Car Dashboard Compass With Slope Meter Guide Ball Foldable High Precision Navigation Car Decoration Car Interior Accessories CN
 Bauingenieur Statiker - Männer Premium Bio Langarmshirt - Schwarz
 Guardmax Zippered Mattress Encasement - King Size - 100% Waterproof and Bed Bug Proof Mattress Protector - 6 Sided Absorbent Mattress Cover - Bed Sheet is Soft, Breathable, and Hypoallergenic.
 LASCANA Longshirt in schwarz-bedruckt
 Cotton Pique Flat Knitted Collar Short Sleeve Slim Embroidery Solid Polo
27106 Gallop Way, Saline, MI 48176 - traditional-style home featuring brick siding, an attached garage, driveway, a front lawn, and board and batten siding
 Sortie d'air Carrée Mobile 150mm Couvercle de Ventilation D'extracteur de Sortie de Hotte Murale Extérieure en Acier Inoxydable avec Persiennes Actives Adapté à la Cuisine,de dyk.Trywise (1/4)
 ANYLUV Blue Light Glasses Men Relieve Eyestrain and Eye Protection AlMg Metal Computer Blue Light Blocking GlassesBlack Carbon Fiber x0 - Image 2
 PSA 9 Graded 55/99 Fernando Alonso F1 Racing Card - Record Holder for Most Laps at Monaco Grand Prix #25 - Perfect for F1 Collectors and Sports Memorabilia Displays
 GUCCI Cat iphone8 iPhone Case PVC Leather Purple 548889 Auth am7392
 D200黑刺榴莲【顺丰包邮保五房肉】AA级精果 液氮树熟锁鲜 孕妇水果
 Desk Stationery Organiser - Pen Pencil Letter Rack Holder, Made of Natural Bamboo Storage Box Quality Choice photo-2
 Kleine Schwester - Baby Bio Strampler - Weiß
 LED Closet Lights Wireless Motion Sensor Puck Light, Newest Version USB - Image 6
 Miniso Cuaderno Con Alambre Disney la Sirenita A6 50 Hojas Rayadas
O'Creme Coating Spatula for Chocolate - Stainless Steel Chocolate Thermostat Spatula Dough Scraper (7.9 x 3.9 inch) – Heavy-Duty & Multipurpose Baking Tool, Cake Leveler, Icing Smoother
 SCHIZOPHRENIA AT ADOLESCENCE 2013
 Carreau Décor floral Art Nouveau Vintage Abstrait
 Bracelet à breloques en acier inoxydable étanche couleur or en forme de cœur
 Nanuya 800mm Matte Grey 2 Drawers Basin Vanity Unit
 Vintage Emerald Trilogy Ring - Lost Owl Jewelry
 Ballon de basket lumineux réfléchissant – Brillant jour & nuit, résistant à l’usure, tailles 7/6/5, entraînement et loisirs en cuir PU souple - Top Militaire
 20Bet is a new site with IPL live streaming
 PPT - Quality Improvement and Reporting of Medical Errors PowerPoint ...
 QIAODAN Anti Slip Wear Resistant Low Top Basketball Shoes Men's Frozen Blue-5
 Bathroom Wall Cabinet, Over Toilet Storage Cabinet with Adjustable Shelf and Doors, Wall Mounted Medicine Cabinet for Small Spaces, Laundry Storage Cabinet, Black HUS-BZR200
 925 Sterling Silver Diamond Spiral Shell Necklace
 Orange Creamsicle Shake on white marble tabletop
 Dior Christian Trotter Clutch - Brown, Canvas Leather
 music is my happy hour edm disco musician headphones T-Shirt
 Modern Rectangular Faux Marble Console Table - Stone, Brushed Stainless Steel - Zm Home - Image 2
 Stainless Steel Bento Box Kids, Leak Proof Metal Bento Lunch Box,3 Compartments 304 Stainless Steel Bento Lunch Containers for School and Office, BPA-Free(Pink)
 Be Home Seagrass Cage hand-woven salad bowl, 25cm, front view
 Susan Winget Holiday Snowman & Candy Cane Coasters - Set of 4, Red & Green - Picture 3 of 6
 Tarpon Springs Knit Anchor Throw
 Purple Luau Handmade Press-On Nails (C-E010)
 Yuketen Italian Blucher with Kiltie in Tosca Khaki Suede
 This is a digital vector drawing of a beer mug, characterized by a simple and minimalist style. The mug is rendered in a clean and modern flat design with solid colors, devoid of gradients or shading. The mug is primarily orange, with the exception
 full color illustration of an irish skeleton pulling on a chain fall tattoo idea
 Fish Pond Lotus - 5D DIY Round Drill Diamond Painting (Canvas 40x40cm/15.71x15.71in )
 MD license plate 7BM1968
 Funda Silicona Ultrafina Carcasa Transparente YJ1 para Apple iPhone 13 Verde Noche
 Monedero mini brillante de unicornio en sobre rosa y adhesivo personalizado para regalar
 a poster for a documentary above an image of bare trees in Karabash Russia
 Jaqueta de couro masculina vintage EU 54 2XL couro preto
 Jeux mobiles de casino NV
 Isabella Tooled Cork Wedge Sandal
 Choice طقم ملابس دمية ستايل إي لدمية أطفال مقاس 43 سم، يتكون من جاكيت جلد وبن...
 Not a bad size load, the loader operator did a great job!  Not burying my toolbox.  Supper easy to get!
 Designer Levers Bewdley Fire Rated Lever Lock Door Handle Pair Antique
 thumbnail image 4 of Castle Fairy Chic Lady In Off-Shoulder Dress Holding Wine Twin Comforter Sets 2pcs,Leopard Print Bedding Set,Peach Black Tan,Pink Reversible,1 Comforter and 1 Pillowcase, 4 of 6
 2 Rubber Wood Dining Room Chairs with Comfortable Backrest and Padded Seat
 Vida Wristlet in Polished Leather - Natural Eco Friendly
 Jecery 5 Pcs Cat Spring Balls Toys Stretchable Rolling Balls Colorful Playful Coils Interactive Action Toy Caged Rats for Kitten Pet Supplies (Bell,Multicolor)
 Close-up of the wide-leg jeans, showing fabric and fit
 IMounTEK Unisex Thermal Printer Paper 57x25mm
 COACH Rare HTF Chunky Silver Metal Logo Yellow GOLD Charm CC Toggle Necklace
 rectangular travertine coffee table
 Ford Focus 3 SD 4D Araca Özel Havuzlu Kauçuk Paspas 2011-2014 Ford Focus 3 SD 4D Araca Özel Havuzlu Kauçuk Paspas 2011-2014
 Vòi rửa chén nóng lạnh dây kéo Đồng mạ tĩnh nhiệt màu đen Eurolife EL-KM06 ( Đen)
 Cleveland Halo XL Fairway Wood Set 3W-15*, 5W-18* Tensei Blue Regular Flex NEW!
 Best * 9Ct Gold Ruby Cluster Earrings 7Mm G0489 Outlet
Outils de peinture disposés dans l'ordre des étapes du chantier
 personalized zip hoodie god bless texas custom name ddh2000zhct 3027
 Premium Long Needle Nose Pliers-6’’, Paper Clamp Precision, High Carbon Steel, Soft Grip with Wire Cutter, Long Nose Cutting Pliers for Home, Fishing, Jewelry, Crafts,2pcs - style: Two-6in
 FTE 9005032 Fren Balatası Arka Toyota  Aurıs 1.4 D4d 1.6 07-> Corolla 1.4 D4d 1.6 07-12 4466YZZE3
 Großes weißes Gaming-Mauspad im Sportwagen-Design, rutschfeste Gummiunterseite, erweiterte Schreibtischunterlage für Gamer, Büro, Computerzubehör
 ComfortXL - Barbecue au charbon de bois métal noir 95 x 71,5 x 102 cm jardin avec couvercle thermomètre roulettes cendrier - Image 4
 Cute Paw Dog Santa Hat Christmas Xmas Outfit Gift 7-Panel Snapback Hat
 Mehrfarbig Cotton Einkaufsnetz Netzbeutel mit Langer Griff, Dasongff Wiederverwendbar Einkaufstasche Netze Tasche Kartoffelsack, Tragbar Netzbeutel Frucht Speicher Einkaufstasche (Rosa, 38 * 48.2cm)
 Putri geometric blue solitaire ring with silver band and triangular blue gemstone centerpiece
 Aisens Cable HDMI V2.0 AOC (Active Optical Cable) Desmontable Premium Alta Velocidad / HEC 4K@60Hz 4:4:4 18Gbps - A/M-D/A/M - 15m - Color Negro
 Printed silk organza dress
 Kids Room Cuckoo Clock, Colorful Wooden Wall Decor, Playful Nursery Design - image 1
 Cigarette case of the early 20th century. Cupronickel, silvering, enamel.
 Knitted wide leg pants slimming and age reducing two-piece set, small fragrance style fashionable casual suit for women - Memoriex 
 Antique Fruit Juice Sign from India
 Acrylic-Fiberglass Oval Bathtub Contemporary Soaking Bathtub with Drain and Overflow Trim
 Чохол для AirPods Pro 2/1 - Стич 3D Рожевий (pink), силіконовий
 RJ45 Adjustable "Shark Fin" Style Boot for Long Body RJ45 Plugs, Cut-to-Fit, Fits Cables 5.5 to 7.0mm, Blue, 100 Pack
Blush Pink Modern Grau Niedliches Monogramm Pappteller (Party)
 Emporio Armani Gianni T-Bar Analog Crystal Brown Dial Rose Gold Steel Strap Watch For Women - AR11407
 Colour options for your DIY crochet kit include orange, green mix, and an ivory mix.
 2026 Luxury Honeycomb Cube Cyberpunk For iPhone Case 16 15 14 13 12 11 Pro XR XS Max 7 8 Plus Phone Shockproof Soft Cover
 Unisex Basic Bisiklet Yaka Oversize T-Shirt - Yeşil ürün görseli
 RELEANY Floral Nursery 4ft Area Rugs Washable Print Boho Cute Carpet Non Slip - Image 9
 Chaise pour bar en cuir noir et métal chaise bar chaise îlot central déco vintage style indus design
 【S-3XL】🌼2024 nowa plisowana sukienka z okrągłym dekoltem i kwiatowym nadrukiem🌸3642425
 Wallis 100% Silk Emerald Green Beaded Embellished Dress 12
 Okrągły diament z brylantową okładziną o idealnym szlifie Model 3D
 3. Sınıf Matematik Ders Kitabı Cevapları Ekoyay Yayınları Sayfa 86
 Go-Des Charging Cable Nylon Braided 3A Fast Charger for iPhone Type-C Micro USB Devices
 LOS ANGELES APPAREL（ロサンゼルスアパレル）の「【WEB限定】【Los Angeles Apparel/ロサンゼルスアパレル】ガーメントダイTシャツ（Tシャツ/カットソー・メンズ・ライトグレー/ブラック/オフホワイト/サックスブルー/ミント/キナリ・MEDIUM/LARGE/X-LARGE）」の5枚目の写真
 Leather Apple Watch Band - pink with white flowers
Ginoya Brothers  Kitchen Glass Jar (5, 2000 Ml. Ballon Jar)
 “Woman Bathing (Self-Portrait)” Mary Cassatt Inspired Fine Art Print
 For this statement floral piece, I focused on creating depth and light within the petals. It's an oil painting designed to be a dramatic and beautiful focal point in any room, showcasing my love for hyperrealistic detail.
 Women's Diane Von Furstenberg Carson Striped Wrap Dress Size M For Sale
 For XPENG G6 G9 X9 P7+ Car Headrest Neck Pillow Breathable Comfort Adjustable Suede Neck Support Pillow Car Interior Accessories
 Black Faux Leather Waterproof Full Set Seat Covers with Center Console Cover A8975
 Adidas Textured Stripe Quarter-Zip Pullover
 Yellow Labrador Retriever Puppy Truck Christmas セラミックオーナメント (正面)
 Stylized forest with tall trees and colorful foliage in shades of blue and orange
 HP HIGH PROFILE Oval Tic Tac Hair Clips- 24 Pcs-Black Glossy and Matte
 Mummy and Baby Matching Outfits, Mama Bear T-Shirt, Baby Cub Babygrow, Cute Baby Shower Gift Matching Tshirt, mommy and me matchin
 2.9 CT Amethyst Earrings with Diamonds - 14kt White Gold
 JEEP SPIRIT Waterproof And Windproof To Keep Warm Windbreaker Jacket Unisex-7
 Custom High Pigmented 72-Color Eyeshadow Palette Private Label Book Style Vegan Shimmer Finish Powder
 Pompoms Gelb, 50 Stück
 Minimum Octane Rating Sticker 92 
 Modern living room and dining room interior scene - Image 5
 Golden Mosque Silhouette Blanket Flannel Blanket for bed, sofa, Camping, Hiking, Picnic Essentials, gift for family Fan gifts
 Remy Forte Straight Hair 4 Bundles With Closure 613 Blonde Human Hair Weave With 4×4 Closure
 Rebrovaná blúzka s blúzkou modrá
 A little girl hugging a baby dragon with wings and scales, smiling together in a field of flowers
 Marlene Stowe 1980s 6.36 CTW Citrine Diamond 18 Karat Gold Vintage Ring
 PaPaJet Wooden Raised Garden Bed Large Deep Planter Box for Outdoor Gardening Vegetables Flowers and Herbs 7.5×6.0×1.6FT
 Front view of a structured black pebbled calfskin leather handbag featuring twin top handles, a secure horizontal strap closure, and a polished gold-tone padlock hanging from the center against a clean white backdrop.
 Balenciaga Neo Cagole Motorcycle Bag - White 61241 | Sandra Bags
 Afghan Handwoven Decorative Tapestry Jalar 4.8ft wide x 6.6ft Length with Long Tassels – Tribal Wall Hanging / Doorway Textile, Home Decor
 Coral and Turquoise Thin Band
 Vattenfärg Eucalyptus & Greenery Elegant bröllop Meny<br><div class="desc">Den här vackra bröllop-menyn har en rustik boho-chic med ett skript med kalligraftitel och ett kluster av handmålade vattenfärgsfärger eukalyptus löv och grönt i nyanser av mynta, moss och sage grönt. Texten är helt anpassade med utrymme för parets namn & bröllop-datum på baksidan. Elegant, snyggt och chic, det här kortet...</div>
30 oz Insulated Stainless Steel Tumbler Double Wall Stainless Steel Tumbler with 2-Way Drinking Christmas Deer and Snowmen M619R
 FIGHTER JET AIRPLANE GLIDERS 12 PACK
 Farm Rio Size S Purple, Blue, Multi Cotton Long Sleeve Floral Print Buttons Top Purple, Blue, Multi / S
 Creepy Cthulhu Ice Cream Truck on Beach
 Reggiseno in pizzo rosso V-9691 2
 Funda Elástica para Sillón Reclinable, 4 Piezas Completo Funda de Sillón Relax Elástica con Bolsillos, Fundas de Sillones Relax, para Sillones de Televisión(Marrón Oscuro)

____________

GOAL OF THE EXERCISE:
Within the listing, how many lines hold the word "Matte"? Only the number is to be given.

SOLUTION:
2